§ **DESCRIPTION OF THE TASK**: Transcribe only the lines of the listing below from the one holding "A XIX Century" through the one holding "Close-up of a", inclusive, without any change.

§ **EXTRACTED MATERIAL**:
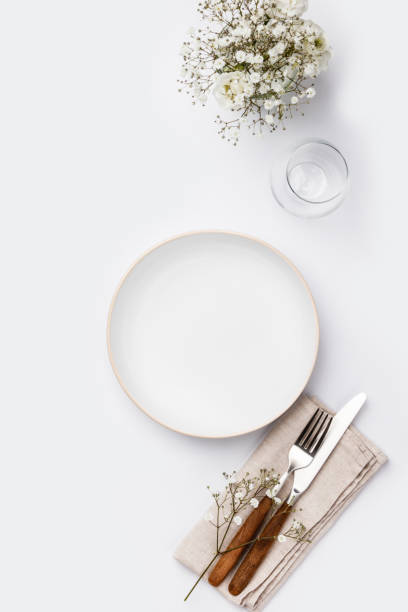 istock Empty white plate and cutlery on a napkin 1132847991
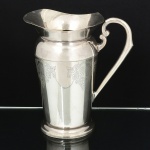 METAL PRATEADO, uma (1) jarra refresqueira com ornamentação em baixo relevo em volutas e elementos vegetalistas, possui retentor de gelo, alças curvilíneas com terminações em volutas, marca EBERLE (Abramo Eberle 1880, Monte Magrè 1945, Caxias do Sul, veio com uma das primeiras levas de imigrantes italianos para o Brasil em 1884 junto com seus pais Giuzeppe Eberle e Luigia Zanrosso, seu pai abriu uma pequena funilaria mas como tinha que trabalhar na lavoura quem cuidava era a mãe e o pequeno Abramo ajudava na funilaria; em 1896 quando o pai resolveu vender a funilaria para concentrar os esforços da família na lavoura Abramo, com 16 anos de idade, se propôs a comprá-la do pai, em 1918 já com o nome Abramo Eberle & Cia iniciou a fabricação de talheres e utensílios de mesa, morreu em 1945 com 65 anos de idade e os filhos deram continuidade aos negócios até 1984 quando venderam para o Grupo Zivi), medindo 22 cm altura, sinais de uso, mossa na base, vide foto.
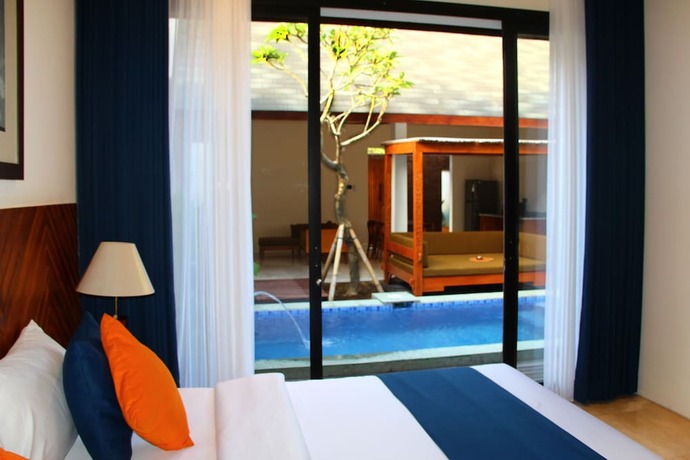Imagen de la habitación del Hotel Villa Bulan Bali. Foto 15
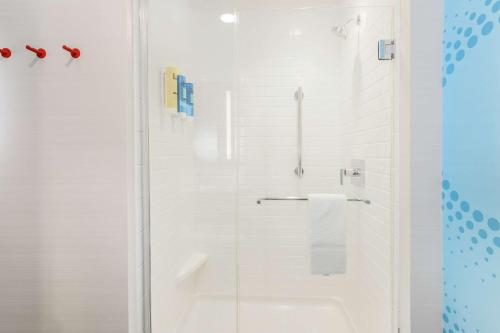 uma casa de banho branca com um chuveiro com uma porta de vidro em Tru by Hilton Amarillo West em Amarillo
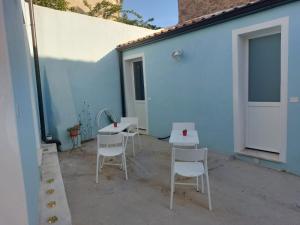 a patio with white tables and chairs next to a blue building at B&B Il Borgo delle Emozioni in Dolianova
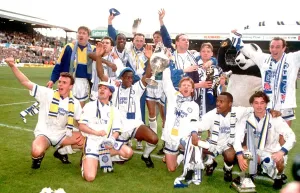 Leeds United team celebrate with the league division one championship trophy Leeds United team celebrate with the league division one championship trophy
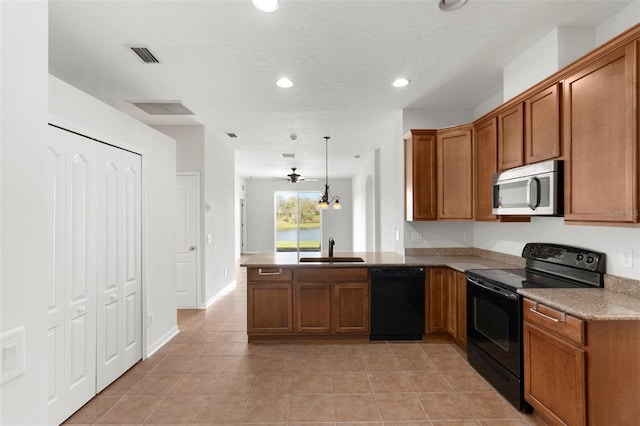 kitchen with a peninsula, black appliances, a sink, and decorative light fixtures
---
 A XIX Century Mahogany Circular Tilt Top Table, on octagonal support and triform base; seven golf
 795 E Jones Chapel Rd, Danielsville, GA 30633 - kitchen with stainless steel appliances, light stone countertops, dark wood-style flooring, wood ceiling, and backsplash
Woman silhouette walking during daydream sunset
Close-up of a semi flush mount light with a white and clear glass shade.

§ **ANSWER TO THE EXERCISE**:
 A XIX Century Mahogany Circular Tilt Top Table, on octagonal support and triform base; seven golf
 795 E Jones Chapel Rd, Danielsville, GA 30633 - kitchen with stainless steel appliances, light stone countertops, dark wood-style flooring, wood ceiling, and backsplash
Woman silhouette walking during daydream sunset
Close-up of a semi flush mount light with a white and clear glass shade.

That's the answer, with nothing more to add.